TASK DESCRIPTION:
Pull every "Black" line out of the data below.

DATA FOR ANALYSIS:

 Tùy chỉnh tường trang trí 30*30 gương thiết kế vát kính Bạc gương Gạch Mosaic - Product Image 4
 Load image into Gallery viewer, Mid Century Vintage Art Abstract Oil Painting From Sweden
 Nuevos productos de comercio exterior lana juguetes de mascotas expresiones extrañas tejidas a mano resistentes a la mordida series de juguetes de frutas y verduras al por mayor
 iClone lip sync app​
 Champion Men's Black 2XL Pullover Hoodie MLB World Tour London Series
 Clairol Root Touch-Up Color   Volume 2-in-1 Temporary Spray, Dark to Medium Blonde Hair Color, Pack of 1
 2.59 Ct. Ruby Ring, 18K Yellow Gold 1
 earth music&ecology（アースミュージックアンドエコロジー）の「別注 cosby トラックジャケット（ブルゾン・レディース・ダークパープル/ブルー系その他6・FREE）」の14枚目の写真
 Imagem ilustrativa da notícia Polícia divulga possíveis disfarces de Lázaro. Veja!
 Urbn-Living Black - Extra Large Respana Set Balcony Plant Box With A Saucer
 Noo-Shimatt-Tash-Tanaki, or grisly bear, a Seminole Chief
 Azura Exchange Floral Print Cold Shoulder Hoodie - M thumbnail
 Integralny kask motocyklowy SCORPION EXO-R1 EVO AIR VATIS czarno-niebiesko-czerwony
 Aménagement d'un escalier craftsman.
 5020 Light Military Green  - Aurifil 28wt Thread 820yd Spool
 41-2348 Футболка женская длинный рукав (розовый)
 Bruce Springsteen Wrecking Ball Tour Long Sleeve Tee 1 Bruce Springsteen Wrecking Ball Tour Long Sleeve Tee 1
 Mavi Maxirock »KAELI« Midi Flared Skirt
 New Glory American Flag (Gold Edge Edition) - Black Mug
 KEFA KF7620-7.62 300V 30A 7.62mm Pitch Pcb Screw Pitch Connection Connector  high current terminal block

ANSWER FOR THIS EXERCISE:
 Champion Men's Black 2XL Pullover Hoodie MLB World Tour London Series
 Urbn-Living Black - Extra Large Respana Set Balcony Plant Box With A Saucer
 New Glory American Flag (Gold Edge Edition) - Black Mug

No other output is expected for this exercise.